Problem -> The output should match, line for line, the records from the line containing "Magaly Medina cuestiona" through the line containing "Ensemble moteur <span", with every picture left out.

Entries provided ->
☆ ☆ ☆ ☆ ☆ ☆ ☆

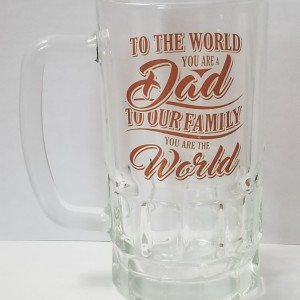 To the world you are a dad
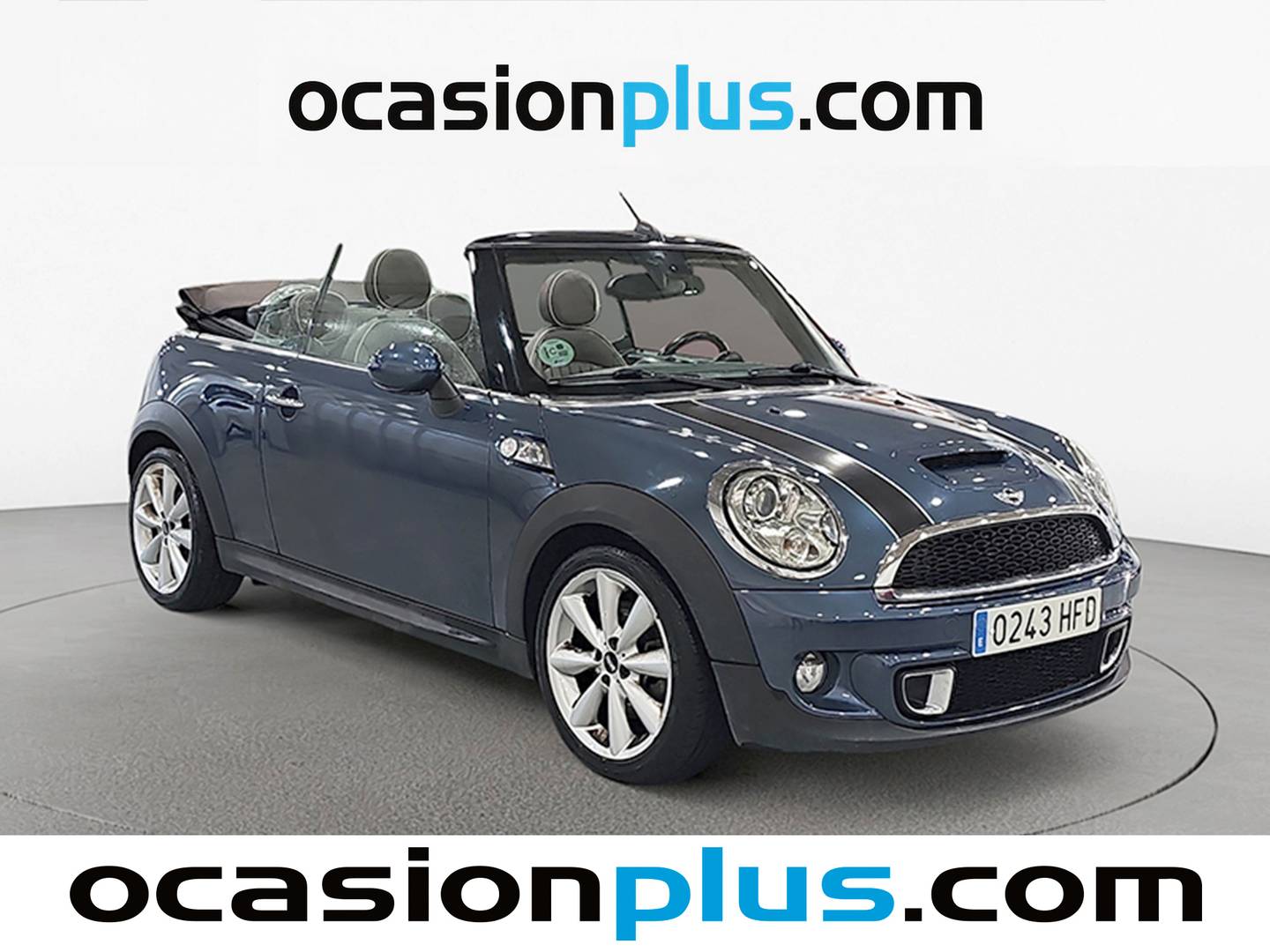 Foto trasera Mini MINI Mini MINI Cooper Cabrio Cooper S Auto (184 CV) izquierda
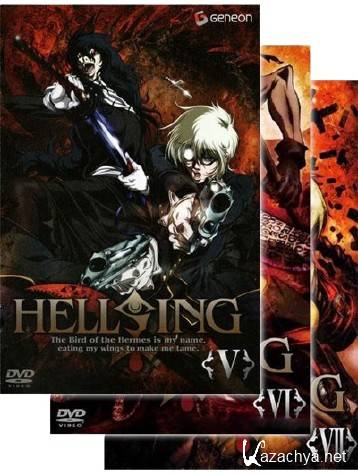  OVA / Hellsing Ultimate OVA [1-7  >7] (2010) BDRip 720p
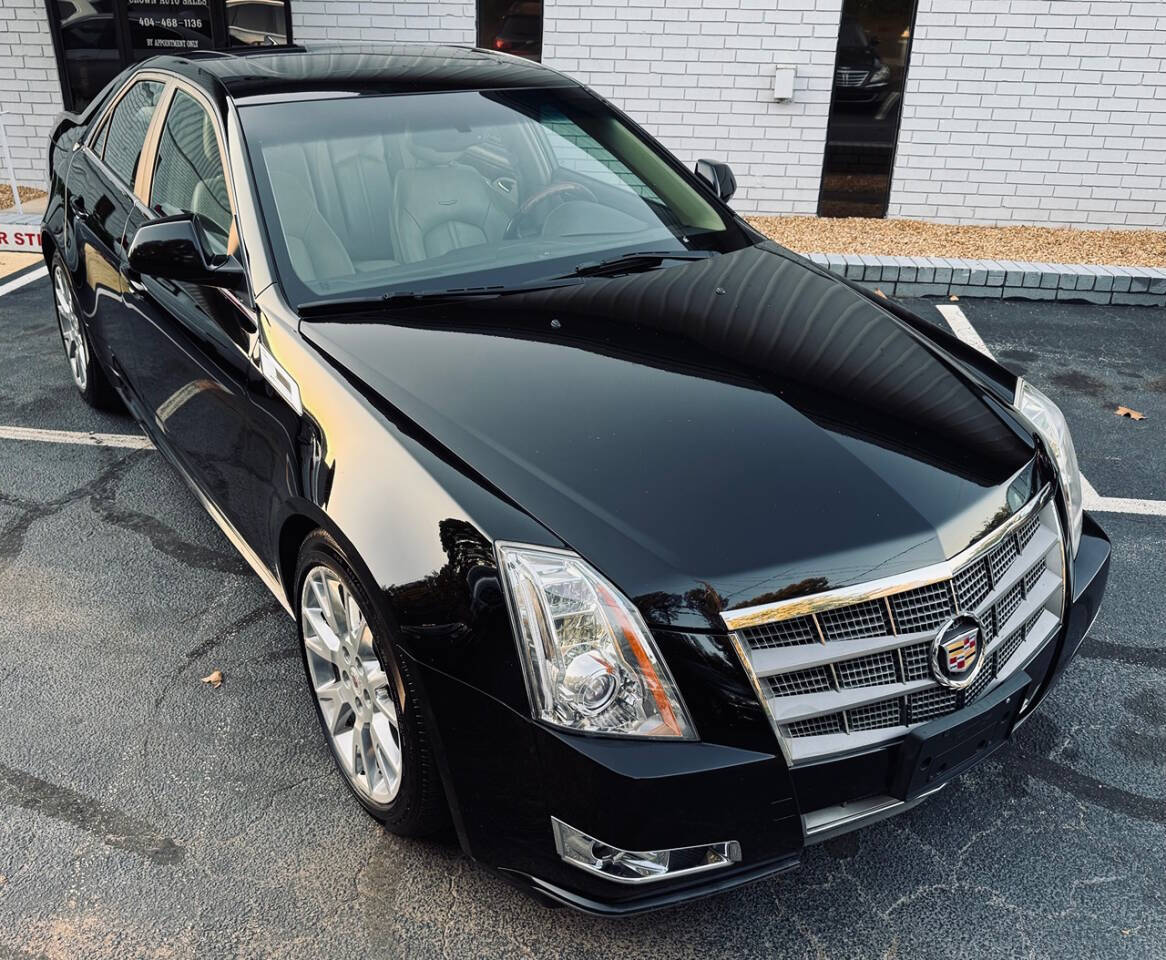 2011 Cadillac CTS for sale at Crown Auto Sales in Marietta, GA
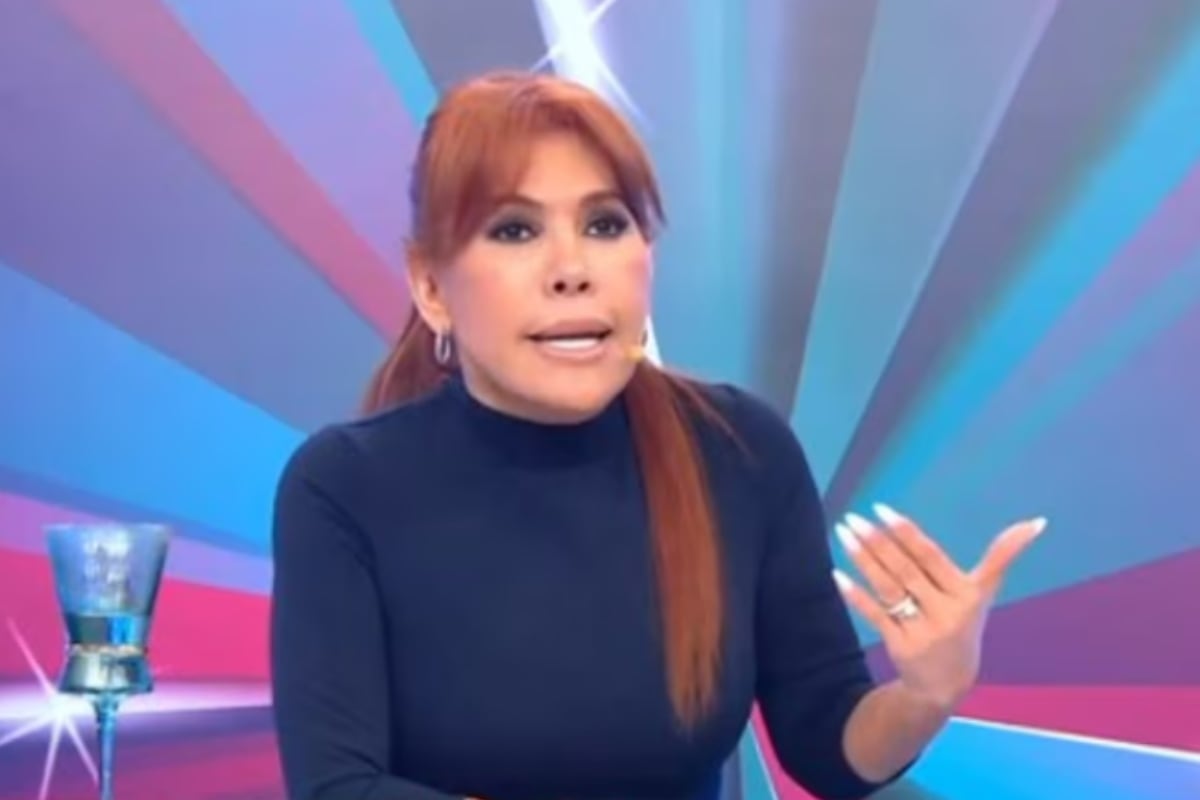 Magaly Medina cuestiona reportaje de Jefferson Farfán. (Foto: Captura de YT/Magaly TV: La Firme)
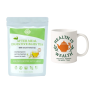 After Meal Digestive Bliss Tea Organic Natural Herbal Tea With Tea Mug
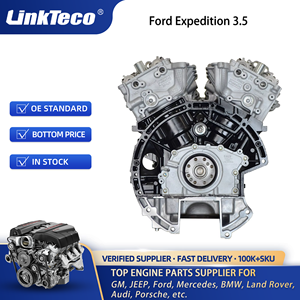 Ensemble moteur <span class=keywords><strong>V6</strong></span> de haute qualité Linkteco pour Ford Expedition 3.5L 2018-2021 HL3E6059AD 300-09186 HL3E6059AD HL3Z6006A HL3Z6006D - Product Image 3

☆ ☆ ☆ ☆ ☆ ☆ ☆

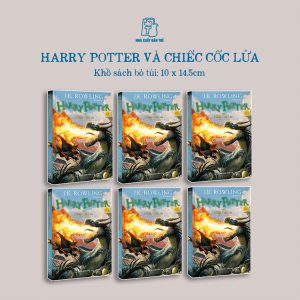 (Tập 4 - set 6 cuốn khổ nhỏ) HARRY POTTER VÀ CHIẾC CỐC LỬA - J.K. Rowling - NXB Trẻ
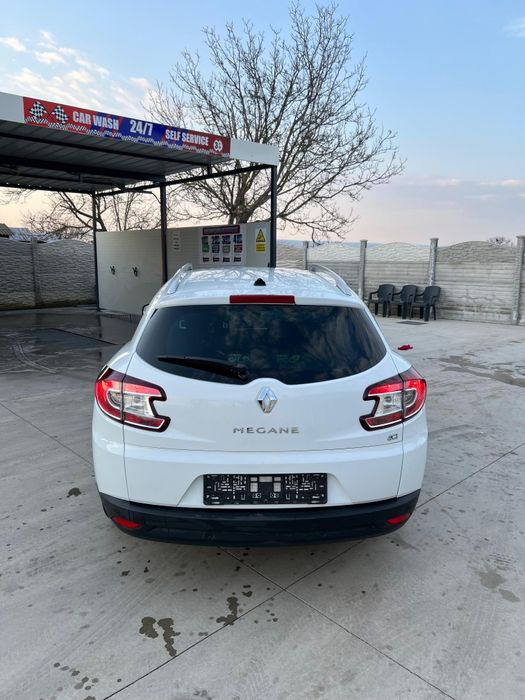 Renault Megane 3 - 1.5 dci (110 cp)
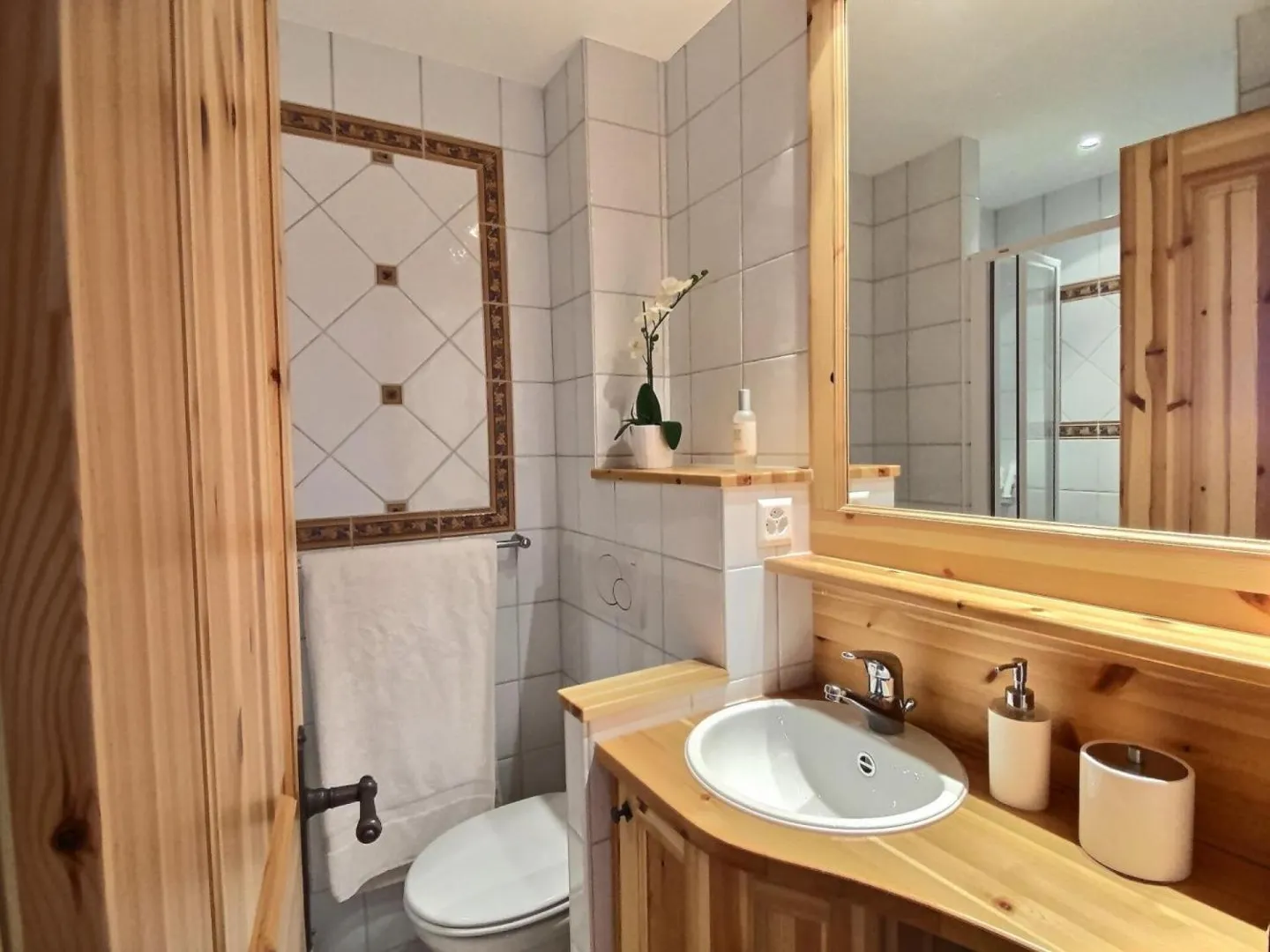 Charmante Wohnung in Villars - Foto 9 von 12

☆ ☆ ☆ ☆ ☆ ☆ ☆

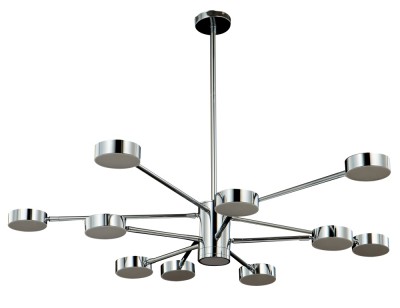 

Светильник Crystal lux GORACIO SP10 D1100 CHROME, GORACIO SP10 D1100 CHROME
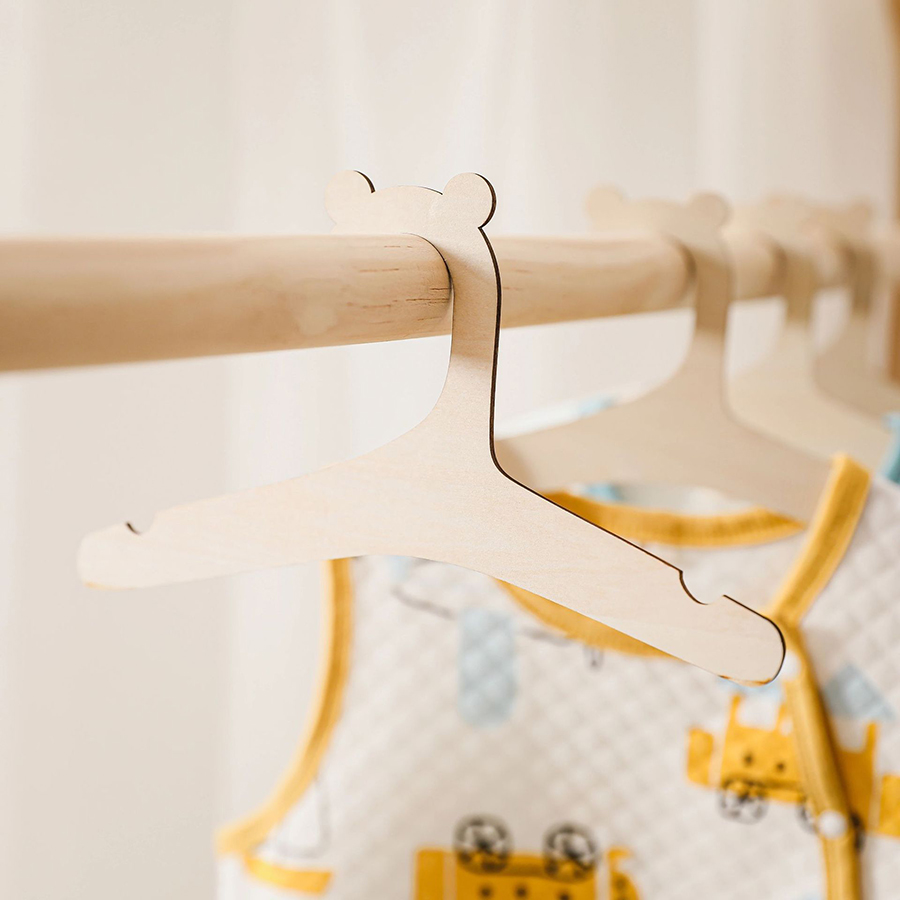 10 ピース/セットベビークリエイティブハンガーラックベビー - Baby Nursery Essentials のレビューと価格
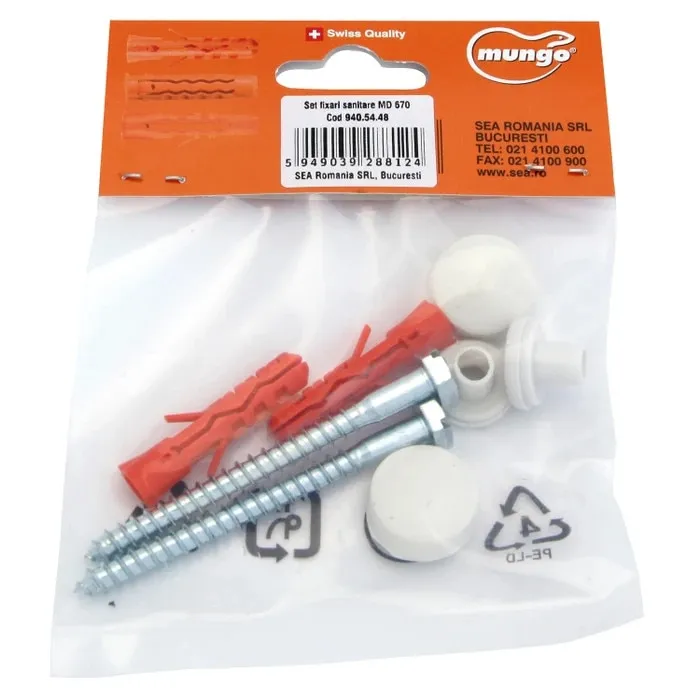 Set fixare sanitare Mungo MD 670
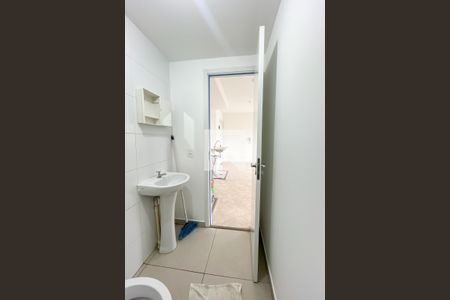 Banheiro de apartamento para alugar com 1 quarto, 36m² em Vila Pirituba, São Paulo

☆ ☆ ☆ ☆ ☆ ☆ ☆

Result for this task ->
 Magaly Medina cuestiona reportaje de Jefferson Farfán. (Foto: Captura de YT/Magaly TV: La Firme)
 After Meal Digestive Bliss Tea Organic Natural Herbal Tea With Tea Mug
 Ensemble moteur <span class=keywords><strong>V6</strong></span> de haute qualité Linkteco pour Ford Expedition 3.5L 2018-2021 HL3E6059AD 300-09186 HL3E6059AD HL3Z6006A HL3Z6006D - Product Image 3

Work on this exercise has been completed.